Gallery MC is pleased to announce:
GALLERY MC
549 West 52nd Street, 8th floor
New York, NY 10019
(212) 581-1966
info@gallerymc.org
Press contact: Nina Manova at
(212) 581-1966 or nina@gallerymc.org
“Grand Tour”
March 8 – April 6, 2005
Opening reception: March 8, 6–9 pm
Gallery MC is
pleased to announce its forthcoming group show “Grand Tour,” featuring work
by a selection of artists from around the globe: Anne Deleporte, Pietro
Finelli, Yasuo Ihara, Dean Monogenis, Aga Ousseinov, Gorazd Poposki, and
Yuh-Shioh Wong. The artists come from diverse personal backgrounds, range
widely in age, and take an array of approaches to artmaking, but their works
display remarkable formal and conceptual affinities. Several of the pieces
will be created specifically for the space.

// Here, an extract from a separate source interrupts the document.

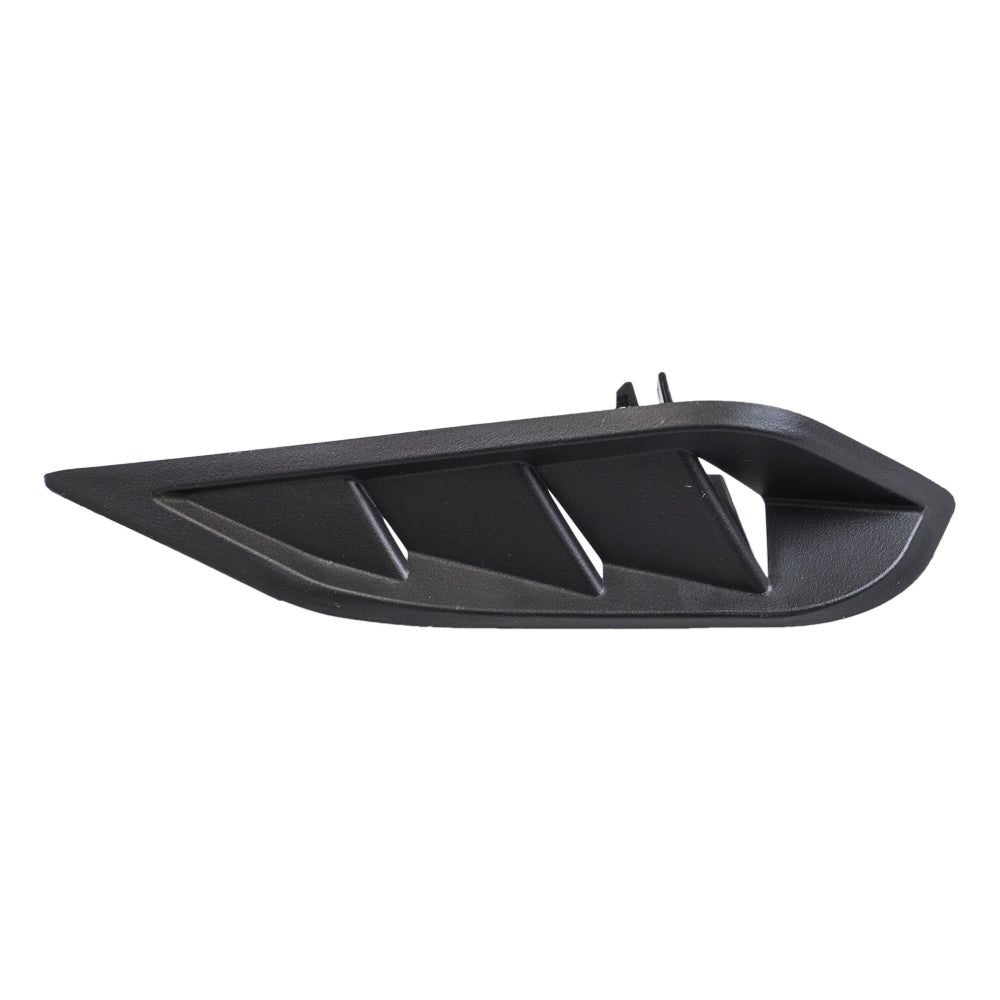 BRP 705008138 Right Hand Grill Renegade XC 1000 570 800 500 850 XC 705002277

The works share a strong visual element and a playful use of images and
materials. For example, Anne Deleporte, who lives in Paris and
Brooklyn, covers walls or other surfaces with newspapers, which she then
paints, leaving areas exposed so images remain visible. In her words, she
“works with the appearance and disappearance of imagery.” At Gallery MC she
will create a site-specific piece using the space’s large columns.
Brooklyn-based Yuh-Shioh Wong, who made her solo debut at ATM Gallery in
spring 2004, will also design a piece for the gallery space. She uses
cement, Styrofoam, and fresco techniques to create fantastical assemblages
that conflate nature, architecture, and decoration.
An idiosyncratic approach to landscape distinguishes several
works. Dean Monogenis, another Brooklynite, will present two paintings that
attempt to capture “the chaotic nature of the urban landscape,” while the
Italian painter, critic, and curator Pietro Finelli depicts volcanoes and
other natural forms in his bold yet elegant paintings, some of which
incorporate gold leaf.
The Macedonian-born, New York–based sculptor Gorazd Poposki
contributes three marble slabs inscribed with images of the sea, placed on
two-by-fours with some of their mysterious carved waves barely visible, as
if the works are still in storage.
The Osaka-born, Brooklyn-based artist Yasuo Ihara, who works in a variety of
materials and has exhibited widely throughout his career, posits a world of
reflected identities in portraits painted on hanging fiberglass screens,
based on media images. Aga Ousseinov, who was born in Azerbaijan, studied in
Moscow, and lives in Brooklyn, will exhibit several plaster sculptures that
build on work presented in his solo show at Gallery MC last fall. With
lightness and humor, his fanciful and surreal pieces, which include a
stylized car and automobile, suggest an enigmatic world.